Nelle persone asintomatiche, invece, il test rapido può essere utilizzato “in attività di contact tracing, per testare contatti asintomatici con esposizione ad alto rischio; nelle attività di screening di comunità per motivi di salute pubblica (es. scuole, luoghi di lavoro, ecc.), dove il rischio di non rilevare tutti i casi o di falsi negativi è controbilanciato dalla tempestività degli esiti e dalla possibilità di effettuare test periodici (questa condizione , che abbiamo capito essere fondamentale per un corretto tracciamento ndr); in contesti sanitari e socio-assistenziali/sociali-sanitari come comunità chiuse o semichiuse (es. carceri, centri di accoglienza per migranti), in aree ad alta trasmissione comunitaria per lo screening periodico dei residenti/operatori/visitatori”. Per quanto riguarda l'infermieristica domiciliari, lungodegenti e altri luoghi di assistenza sanitaria, tuttavia, "si può considerare l'utilizzo di test antigenici rapidi di ultima generazione laddove sia necessario adottare misure di sanità pubblica in tempi estremamente rapidi".

Ancora una volta è il tempismo che può fare la differenza.
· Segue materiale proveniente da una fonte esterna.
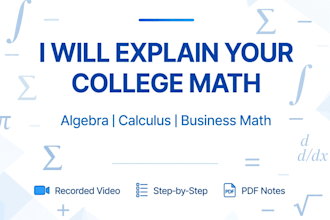 be your expert math tutor for algebra and calculus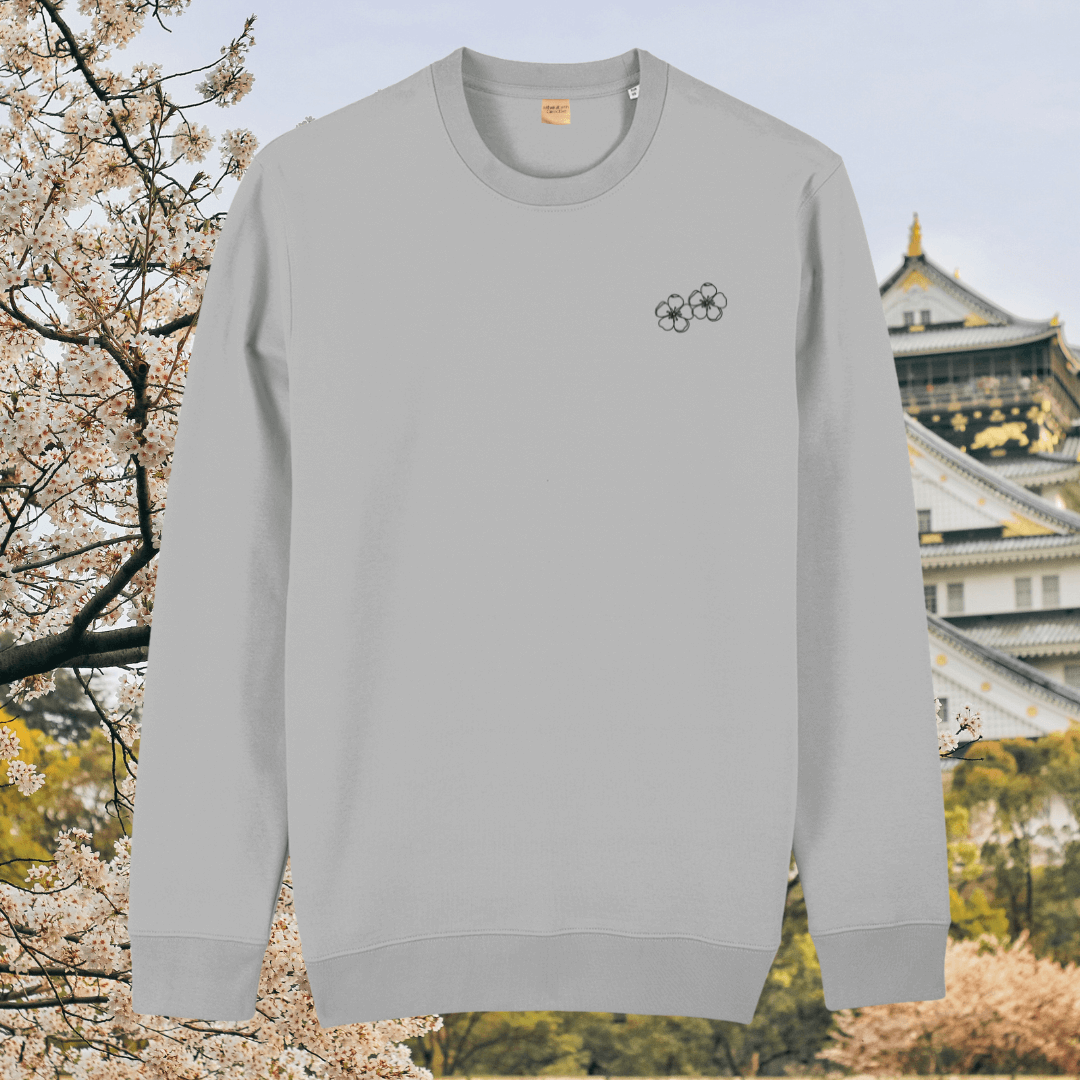 Heather Grey organic cotton sweater with blossom floral design on the front – Mindful Earth sustainable UK clothing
La circolare ricorda che “se la data dell'esposizione non è nota o se vi sono state esposizioni multiple per almeno tre giorni, il test rapido dell'antigene deve essere eseguito quanto prima ed entro 7 giorni dall'ultima esposizione. Nel caso in cui vi sia stata una sola esposizione, il test rapido dell'antigene deve essere effettuato tra il terzo e il settimo giorno di esposizione”.

Cosa succede se i risultati tra i test molecolari e antigenici sono discordanti? In questo caso la risposta è chiara. Il risultato del test molecolare ha la precedenza sul risultato del test dell'antigene.

Infine, è utile sapere che chi si reca a fare il test privatamente in laboratorio o in farmacia, se negativo, non necessita di ulteriori accertamenti (è importante però che il soggetto in questione non appartenga a categorie a rischio per esposizione professionale o non è stato in contatto con casi sospetti), mentre se il test è positivo è necessaria la conferma con un test rapido di terza generazione o con un tampone molecolare.

È importante, e lo ripetiamo, che la persona in questione non abbia sintomi o non sia stata a rischio di contagio, altrimenti deve necessariamente chiamare il medico curante per gli opportuni provvedimenti.

La circolare ricorda inoltre, fatto da non sottovalutare, che se il tampone rapido effettuato da una persona non a rischio di contagio è di prima o seconda generazione, anche se negativo, può esserci un margine di errore dovuto alla sensibilità non ottimale, per questo si raccomanda, “Nel comunicare un esito negativo, di fornire adeguata informativa al soggetto, raccomandando comportamenti prudenziali”.

Rimane poi la questione di come vengono trattati i dati dei tamponi antigenici rapidi. Anche in questo caso in alcune regioni c'è stata una polemica tra chi ha inserito tra i dati regionali tutte le sostanze antigeniche di prima e seconda generazione effettuate e chi si è affidato solo ai test molecolari. Non è una cosa da poco, perché questi numeri sono una delle variabili su cui decidere il livello di restrizione regionale, ovvero i famosi "colori". Anche in questo caso è utile capire cosa dice il Ministero.

La circolare afferma chiaramente che "i risultati dei test rapidi antigenici o RT-PCR, anche se effettuati da laboratori, strutture e professionisti privati ​​accreditati dalle Regioni, devono essere inseriti nel sistema informativo regionale di riferimento". Un obbligo che, però, non si è ancora trasformato in un'aperta diffusione dei dati. I dati dei tamponi antigenici, infatti, non sembrano essere inseriti nella piattaforma di diffusione dati della Protezione Civile.